## Provided information
◇ ◇ ◇ ◇ ◇
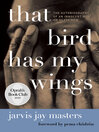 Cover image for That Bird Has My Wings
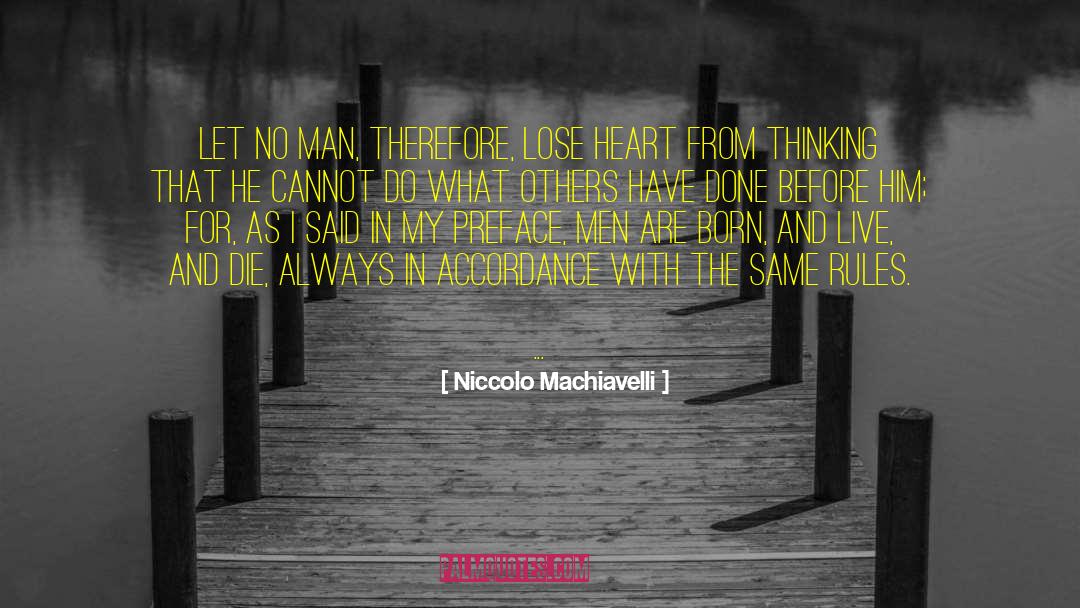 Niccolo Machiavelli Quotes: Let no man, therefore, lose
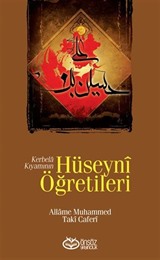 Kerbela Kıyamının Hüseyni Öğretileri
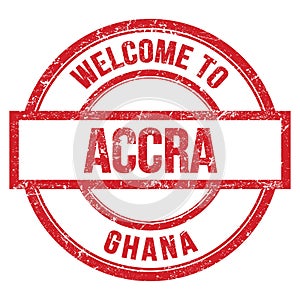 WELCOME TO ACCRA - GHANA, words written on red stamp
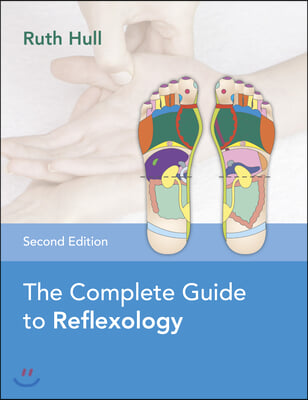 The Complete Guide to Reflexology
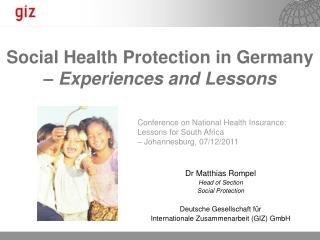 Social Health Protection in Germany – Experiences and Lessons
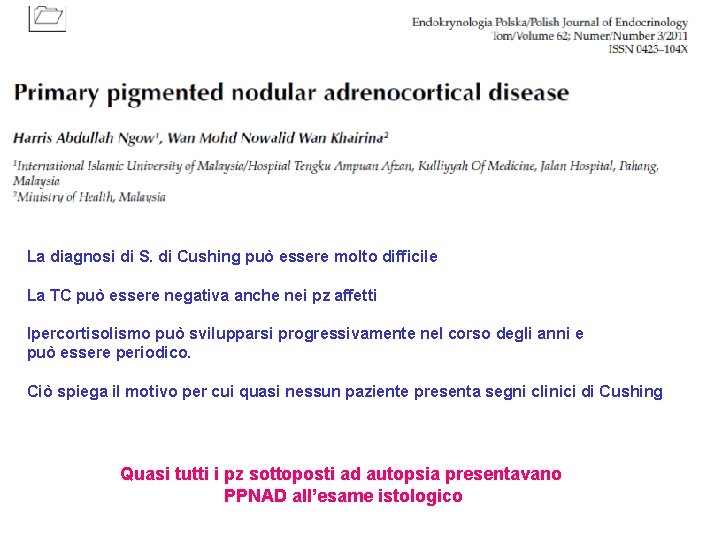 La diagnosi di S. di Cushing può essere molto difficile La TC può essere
◇ ◇ ◇ ◇ ◇
## Prompt
Reproduce the whole listing verbatim and keep all pictures out of it.

## Written response
 Cover image for That Bird Has My Wings
 Niccolo Machiavelli Quotes: Let no man, therefore, lose
 Kerbela Kıyamının Hüseyni Öğretileri
 WELCOME TO ACCRA - GHANA, words written on red stamp
 The Complete Guide to Reflexology
 Social Health Protection in Germany – Experiences and Lessons
 La diagnosi di S. di Cushing può essere molto difficile La TC può essere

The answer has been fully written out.